In some embodiments, as shown in fig. 2B, the publish-subscribe model module 228 of the second daemon 222 may include a control engine 2282, and the control engine 2282 is responsible for determining whether the application opened, closed and operated by the user is the current application of the operating system or the cross-system application, and is responsible for setting and determining the environment variable.

The publish-subscribe model module 228 may further include an application state control module 2284 and an application operation control module 2286, the events published and subscribed by the application state control module 2284 include events such as uninstallation, installation and update of applications, and the application operation control module 2286 is responsible for events such as opening, closing and operation of applications.

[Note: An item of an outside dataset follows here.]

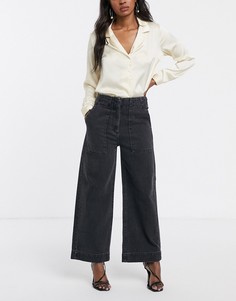 Черные широкие укороченные джинсы ASOS DESIGN-Черный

Different events are distributed to different modules by control engine 2282. Similarly, the publish-subscribe model module 218 may further include an application state control module 2184 and an application operation control module 2186, having similar functionality to the application state control module 2284 and the application operation control module 2286, respectively.

The underlying layers of the publish- subscribe model modules 218 and 228 of the first and second operating systems both use the USB protocol and can be modeled as a time node on which are located event queues 2188 and 2288 responsible for accepting events passed over the USB buses 2190 and 2290.

A display unit 106 electrically coupled to the second processing unit 104. The display unit 106 may display the rendered first application and a second application in the second operating system 220, where the second application is an application program running in the second operating system 220.

Fig. 3 shows a schematic diagram of an exemplary interface 300 according to an embodiment of the present disclosure. As shown in FIG. 3, the applications in the two operating systems are shown in interface 300, with second applications 302, 304, and 306 in the second operating system shown in the top half of interface 300 and first applications 308, 310, 312, and 314 in the first operating system shown in the bottom half of interface 300.

By exposing applications in both operating systems in the same interface 300, a user can conveniently select applications in different operating systems without having to switch between the two operating systems.

It should be noted that fig. 3 shows only a schematic diagram of the interface shown for the display unit 106. It is understood that the interface 300 can flexibly adjust the layout according to the requirement, for example, the system identifiers, i.e., "first operating system" and "second operating system" can be removed, or the first application and the second application can be mixed and arranged together, so that the user can have no perception of the cross-operating system as if they were running on one operating system.

As can be seen from the foregoing embodiments, according to the dual system device provided by the present disclosure, the first daemon process in the first operating system completes registration of the first application and forms a first registration list, and the second daemon process in the second operating system completes registration of the second application and forms a second registration list, and then the second daemon process is utilized to obtain the first registration list from the first daemon process, and in combination with the first registration list and the second registration list, the first application in the first operating system and the second application in the second operating system are displayed under the second operating system, so that application programs in two operating systems can be displayed in the same interface, operations for switching the operating systems by a user are omitted, and the uniformity of the interface is maintained. The dual-system equipment provided by the disclosure can utilize the capability of the equipment main control board card to the maximum extent, and simultaneously utilizes the USB bus integrated by the OPS interface to synchronize the application state and the control message, so that the program design complexity is efficiently reduced, and the application prospect on the interactive whiteboard and large-size commercial display equipment is wide.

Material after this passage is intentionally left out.